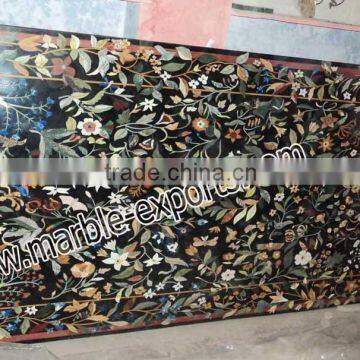 Rectangular Marble Pietra Dura Dinning Inlay Table Top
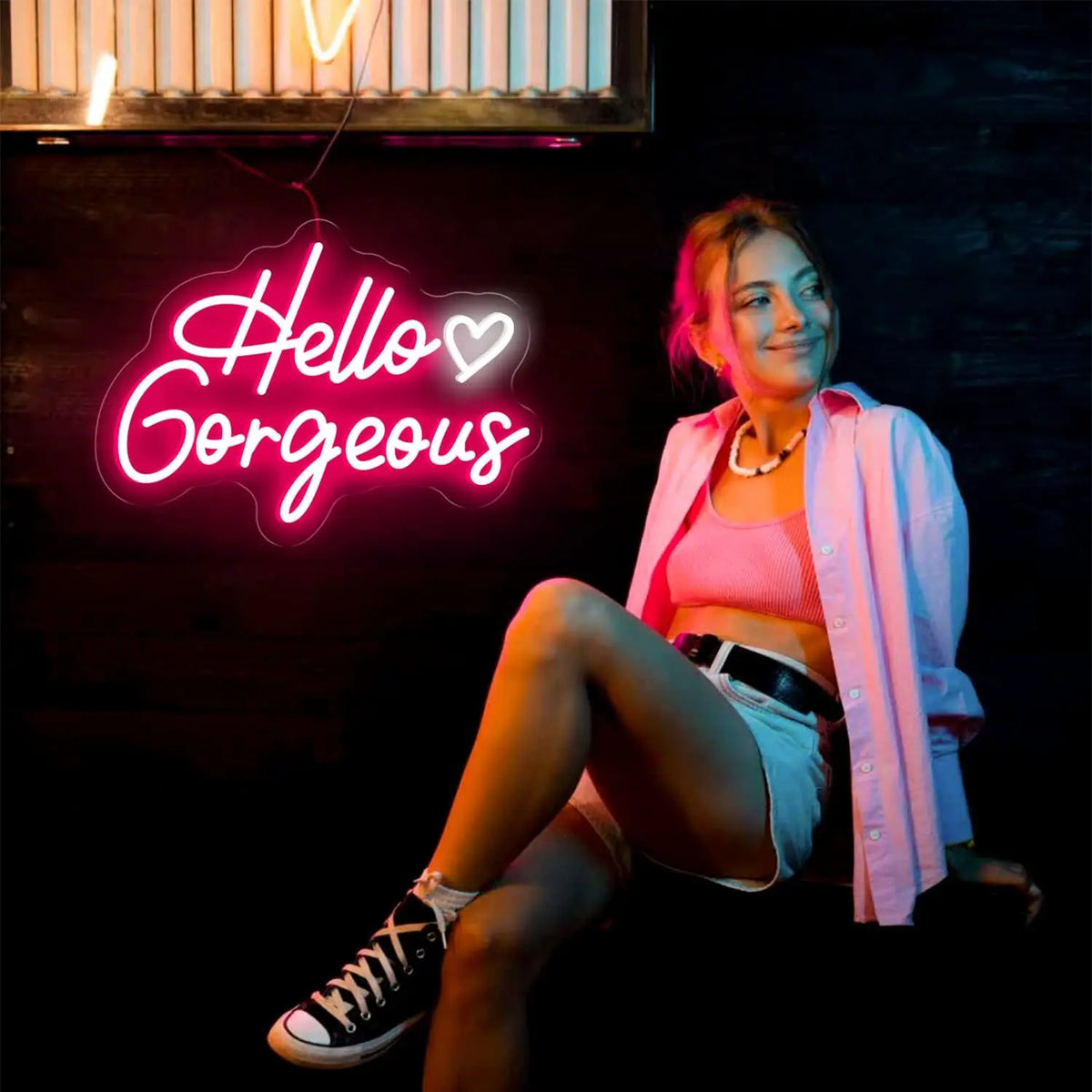 Hello Gorgeous Neon Signs LED Neon Light Sign Light Up Neon Signs Wall Decor for Birthday Engagement  Wedding Bachelorette Party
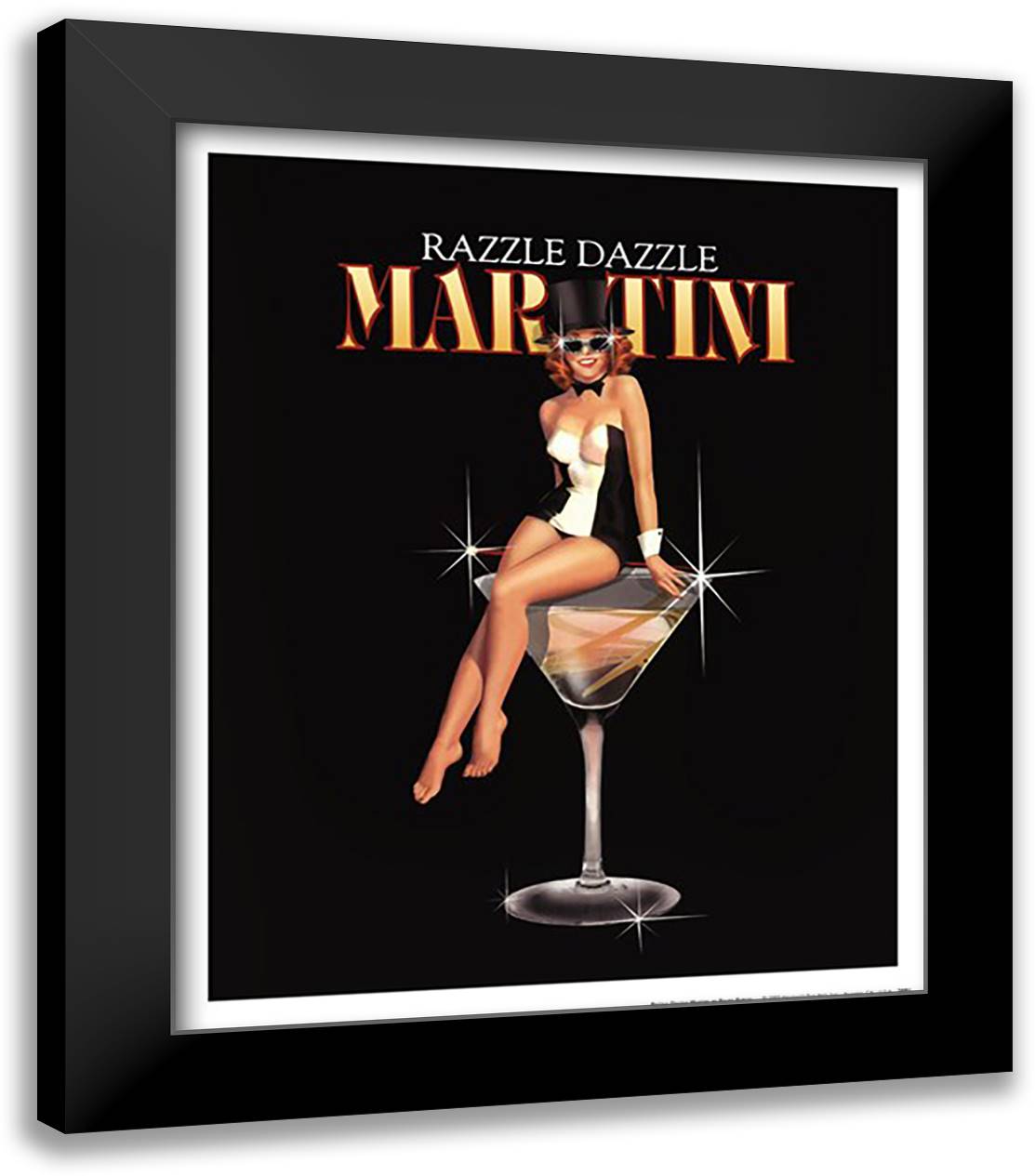 Razzle Dazzle Martini 16x19 Black Modern Wood Framed Art Print Poster by Burch, Ralph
--
> _Problem requirements_
Write each line exactly as it appears, from the line that holds "Hello Gorgeous Neon" through the closing line of the data above, and leave every picture out.

> _Task response_
 Hello Gorgeous Neon Signs LED Neon Light Sign Light Up Neon Signs Wall Decor for Birthday Engagement  Wedding Bachelorette Party
 Razzle Dazzle Martini 16x19 Black Modern Wood Framed Art Print Poster by Burch, Ralph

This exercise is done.